Alberto Contador, leader of this year’s Giro d’ Italia, crashed five days ago because of a spectator leaning over the barrier and holding a video camera as the racers were sprinting by at 50 Kph to the finish. The spectator effectively clothes-lined the rider ahead of Contador, causing both to go down – and causing a double dislocation of Contador’s left shoulder. You heard that right: it popped back in when he got up from the pavement, and then went out a second time as he reached for his bicycle.
An injury of this severity in any other sport would have the competitor carried off the field, followed by an extended time of recovery. Everyone knows you can’t carry on with that kind of pain. Contador apparently didn’t get that memo. He carried on racing with the team doctor’s assurance that the worst of the pain should subside after a few days. On the second day he still needed to be helped into his racing jersey, but carry on he did. As of today he still can’t lift his left arm over his head.
Pro cyclists are a tough lot. A 21 day Grand Tour exacts a huge toll of physical suffering and mental strain, all with only two or three rest days. This year’s Giro has more than 43, 000 meters, or 176,000 feet of climbing. Under the best of circumstances it’s a race of attrition.
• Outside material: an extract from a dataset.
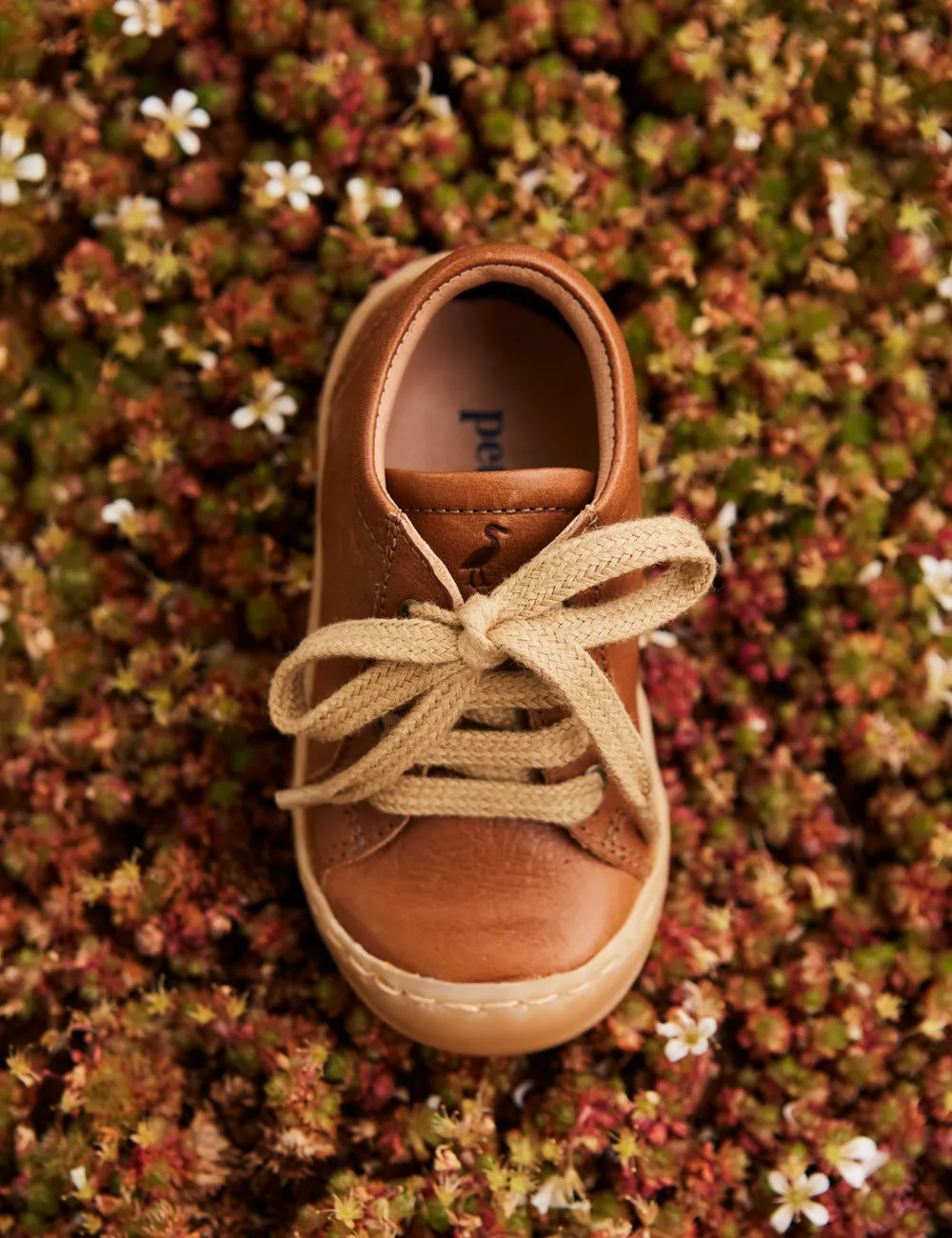 Everyday shoe Lace - Cognac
Under normal circumstances, bad days must be overcome with harder work on the next day – while surrounded by hungry competitors at the top of their game.
We’ll be hearing the media drone on about under-inflated footballs, but we won’t be hearing about the top sports story of the year. Guts, courage and determination have come together in a special way for Contador during this year’s Giro. It’s what makes cycling a great sport.